At this moment, the features of metric and the metric construction separate the present model from Kaluza–Klein theory. In Kaluza–Klein theory, 5D metric is given as an 'ansatz', but in the present model, 5D metric is obtained by dragging the space-time and applying the shearing-like deformation to the 5D manifold. Also, the source of the deformation is said to be particle-threads of charged objects, giving us a picture that flowing particle-threads trail the surrounding 5D manifold. Furthermore, although the two expressions of the 5D metric in equation (12) look similar to Kaluza–Klein metric and Kaluza's original metric, respectively, the decomposed parts of the 5D metric are different. The former expression in equation (12) has the electromagnetic 4-potential defined on the deformed space-time unlike Kaluza–Klein metric that employs electromagnetic 4-potential defined on the undeformed space-time. Also, the space-time metric for the latter expression in equation (12) is $\tilde{g}_{ab}$ instead of g_ab used in Kaluza's original metric. All these differences come from the embedding of the space-time. Since all the physical quantities are defined in the deformed manifold, we will use the latter expression of equation (12) except the cases where it is needed to distinguish the effect of electromagnetic field and the effect of matter without electromagnetic field separately.
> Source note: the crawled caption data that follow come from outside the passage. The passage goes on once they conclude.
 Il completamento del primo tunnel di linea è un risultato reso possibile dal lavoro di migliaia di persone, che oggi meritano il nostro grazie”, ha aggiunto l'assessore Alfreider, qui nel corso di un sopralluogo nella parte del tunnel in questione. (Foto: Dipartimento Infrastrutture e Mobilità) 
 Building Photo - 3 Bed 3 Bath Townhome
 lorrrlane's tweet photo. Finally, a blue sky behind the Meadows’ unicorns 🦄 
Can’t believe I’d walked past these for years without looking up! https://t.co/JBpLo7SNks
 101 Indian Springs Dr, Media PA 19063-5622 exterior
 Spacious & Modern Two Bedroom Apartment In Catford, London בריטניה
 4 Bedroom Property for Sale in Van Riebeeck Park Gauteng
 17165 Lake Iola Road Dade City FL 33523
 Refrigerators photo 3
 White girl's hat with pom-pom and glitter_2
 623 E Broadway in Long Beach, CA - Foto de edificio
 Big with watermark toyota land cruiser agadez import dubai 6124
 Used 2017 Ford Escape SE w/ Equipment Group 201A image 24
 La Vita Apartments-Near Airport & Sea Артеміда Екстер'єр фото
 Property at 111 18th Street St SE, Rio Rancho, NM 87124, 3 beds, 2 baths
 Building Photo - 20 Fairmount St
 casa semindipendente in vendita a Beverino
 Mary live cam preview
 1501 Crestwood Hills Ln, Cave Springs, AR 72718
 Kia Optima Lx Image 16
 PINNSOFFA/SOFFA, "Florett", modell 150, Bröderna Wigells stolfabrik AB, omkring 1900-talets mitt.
By taking inverse of $\tilde{g}_{\alpha \beta}$ , the inverse metric tensor of the deformed 5D manifold becomes

$\begin{align} \tilde{g}^{\alpha \beta}= \left(\begin{array}{@{}cc@{}} \tilde{g}^{ab} +\tilde{k}\tilde{A}^a\tilde{A}^b & -\tilde{k}\tilde{A}^a \nonumber \\ -\tilde{k}\tilde{A}^b & \tilde{k} \end{array}\right), \quad {\rm{where}} \quad \tilde{k}=\frac{1}{1-\tilde{A}_c \tilde{A}^c}. \label{inverse deformed 5D metric} \nonumber \end{align} \tag{ 14 }$

Equations (12) and (14) include the relation between the metric and the inverse metric of the deformed space-time. For the 4D physics, index raising and lowering of 4D tensors should be done in the space-time without referencing the 5D manifold.

This way of defining the electromagnetic 4-potential prevents loopholes in the model building by making all the observed quantities defined on the deformed space-time. But, at the same time, this makes the calculation of electromagnetic 4-potential with a given 4-current density difficult. To calculate $\tilde{A}_a$ , the retardation must be decided by $\tilde{g}_{ab}$ , which is the function of $\tilde{A}_a$ itself. Therefore, to know $\tilde{A}_a$ for a given 4-current density distribution, $\tilde{g}_{ab}$ and $\tilde{A}_a$ should be determined simultaneously. Fortunately, there is a more convenient way if the 4-current density is weak enough to make $\tilde{A}_a\tilde{A}_b$ sufficiently small compared to g_ab. In this case, it will be acceptable to calculate $\tilde{A}_a$ in the undeformed space-time as the zeroth order of approximation.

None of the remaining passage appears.